Quickstart using GPS trajectories file from UCI

Thanks Adam. You did not need to do this.

As I think I repeated in every message, I did update the versions.
Clearly you do not believe I did. That’s OK.

The problem lies in the fact that I followed the documentation to the
letter, and did not notice the classifiers.

Thank you

@adonnini apologies. Sorry I’d just appreciate if you’d post exact versions instead of the exact docs.
Sorry it’s just I keep asking for exact code and I haven’t seen your neural networks or any of your build files directly. I get frustrated needing to guess things.

I don’t know why posting exact code
isn’t possible. If you have some sort of NDA then feel free to DM me.

At the end of the day I’m just trying to help you out. I’m not sure what you do/don’t know, hence me trying to provide as many details as possible.
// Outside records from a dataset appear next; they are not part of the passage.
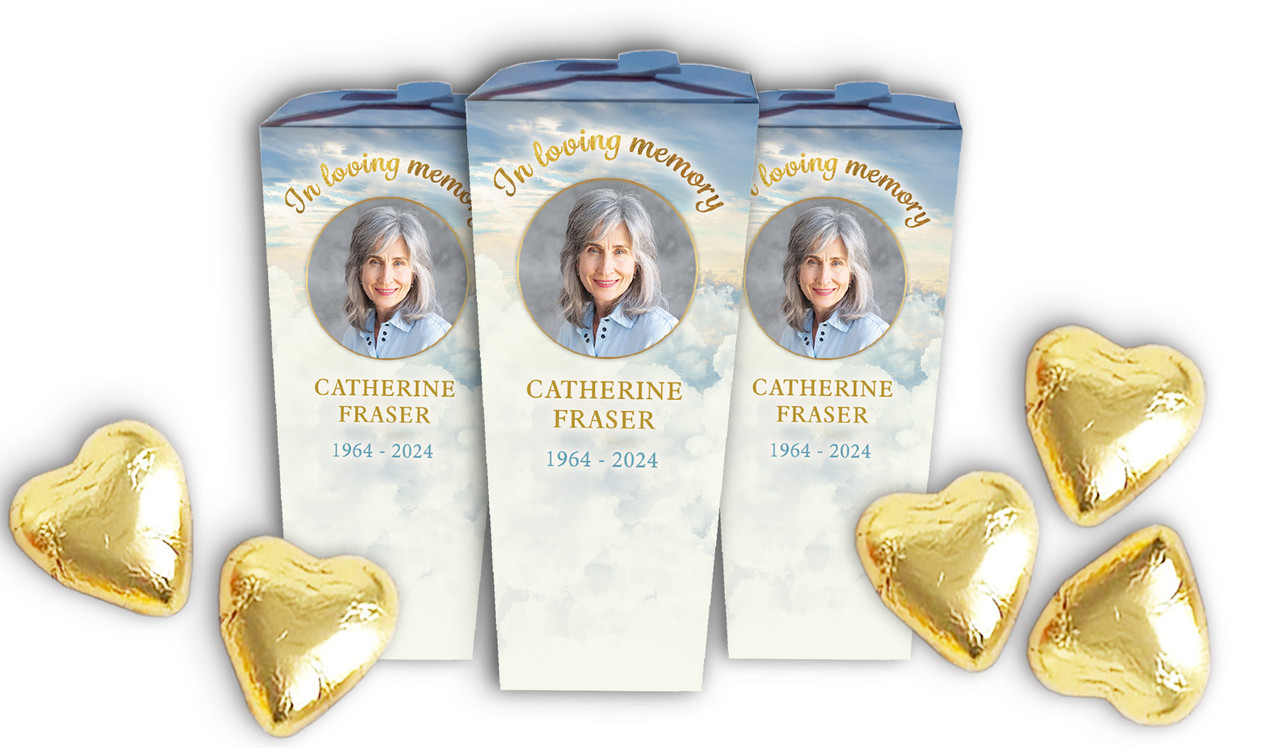 Clouds Funeral Personalised Chocaboxes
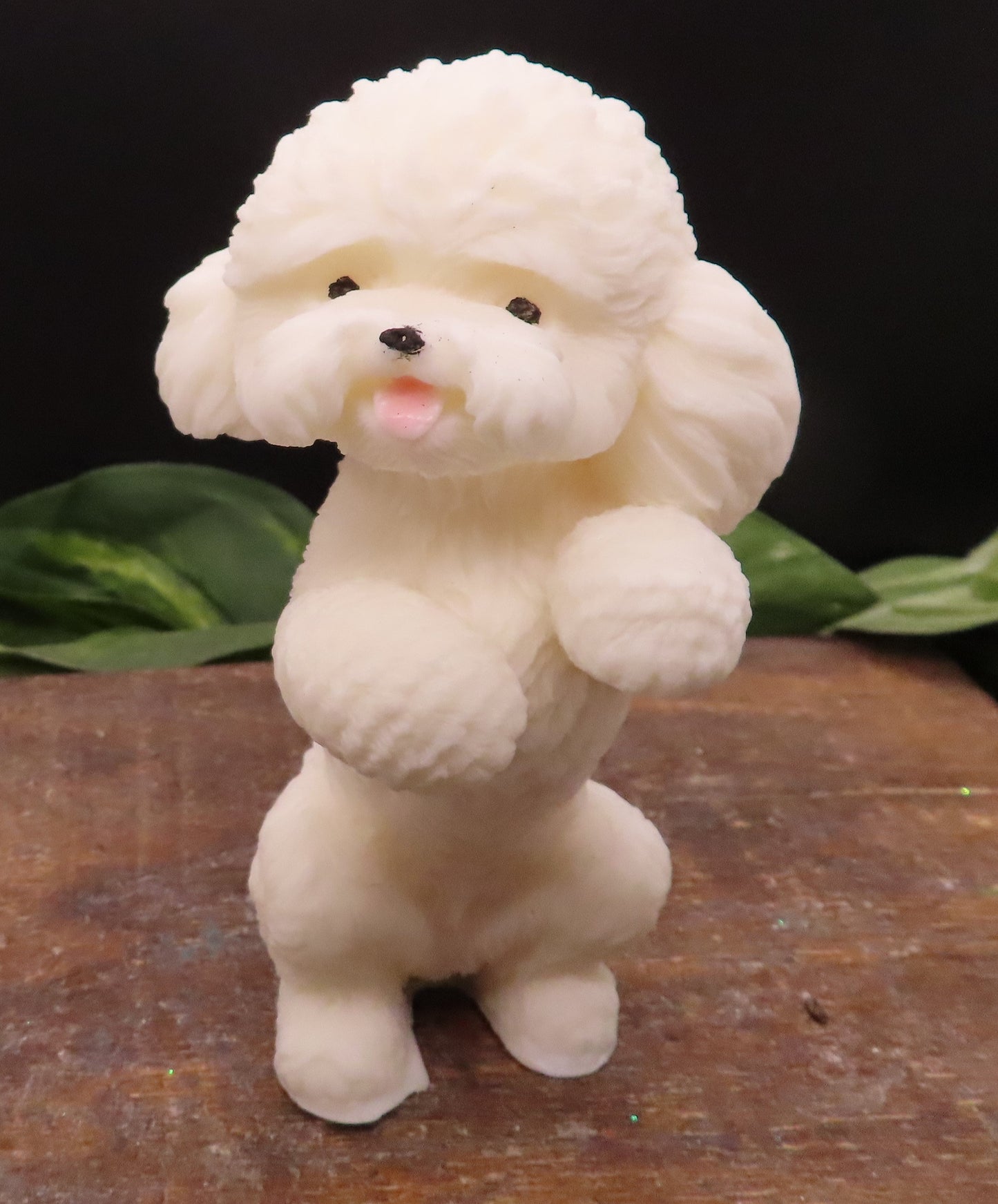 White handmade goat milk soap poodle. Great gift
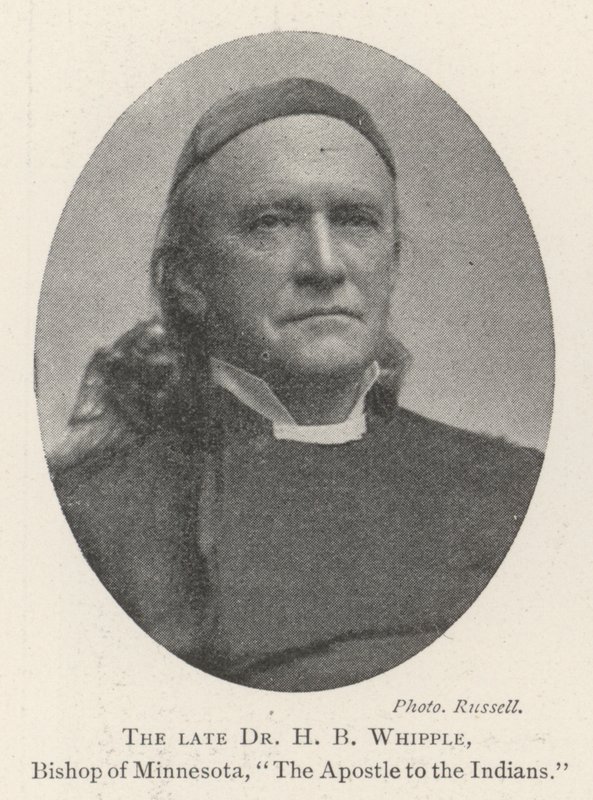 Zesnulý Dr. H. B. Whipple, biskup z Minnesoty, apoštol Indiánů od English Photographer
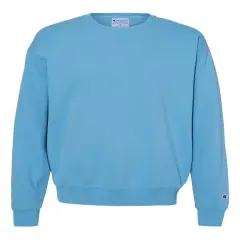 Champion&reg; - Garment-Dyed Crewneck Sweatshirt Delicate blue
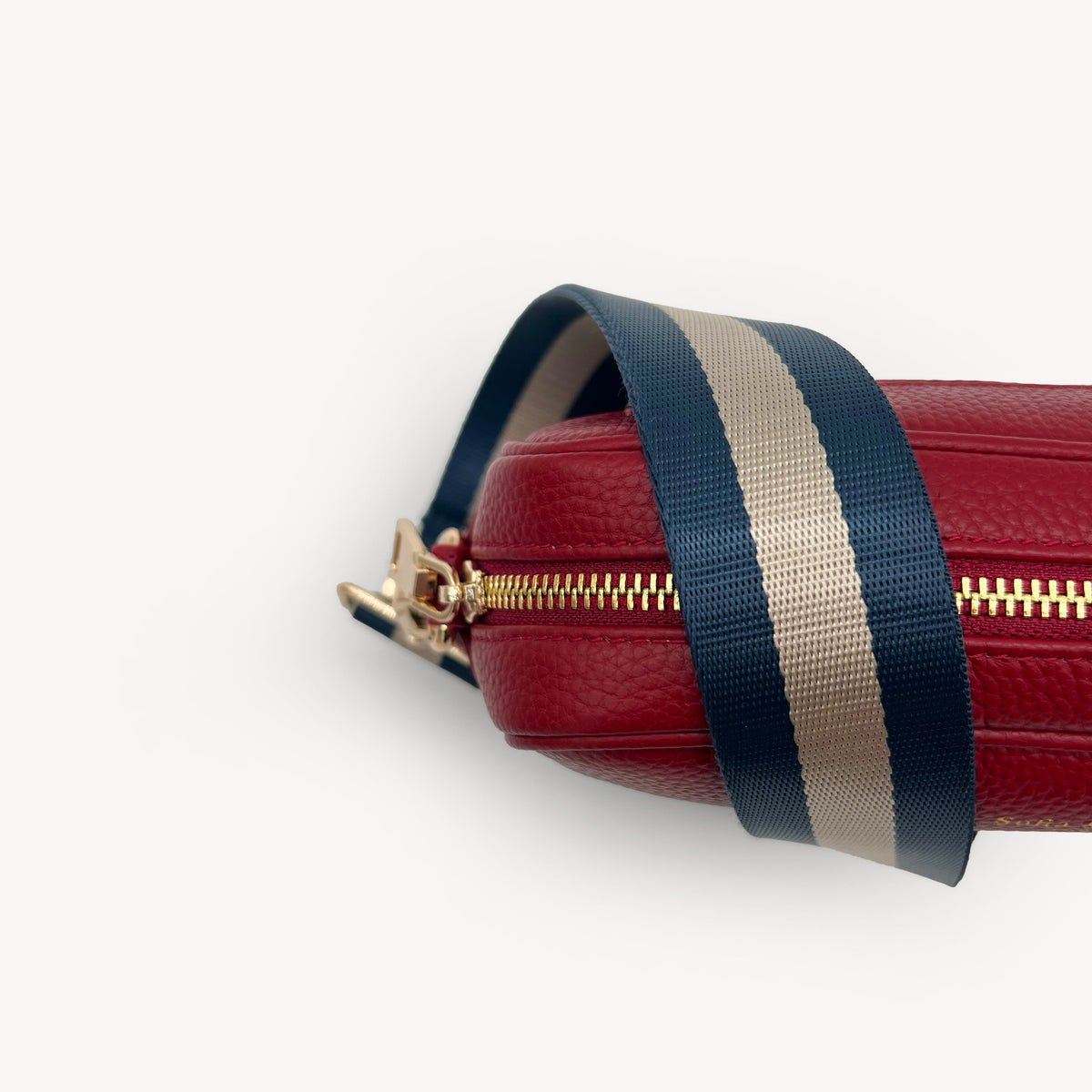 Navy & Gold Stripe Strap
I’ll add all this to the documentation later.

Best of luck and let me know when you get everything up and running.

With the new set of dependencies, the size of the apk is now a (more)
manageable 471.9 MB. Installation and launch on the device was successful.

It looks like I am back in business.

Thanks again for your help and the suggestion regarding the multiple apks.

Alex

@adonnini thanks again for confirming. Hopefully we can reduce that further with the nd4j-minimal backend next release. I’ll ensure the docs get updated so we can avoid this in the future. Sorry for the confusion. That’s definitely in need of some work.

Please do ask me if you’re blocked on anything else. In the future I’d still appreciate exact code so as to avoid ambiguity.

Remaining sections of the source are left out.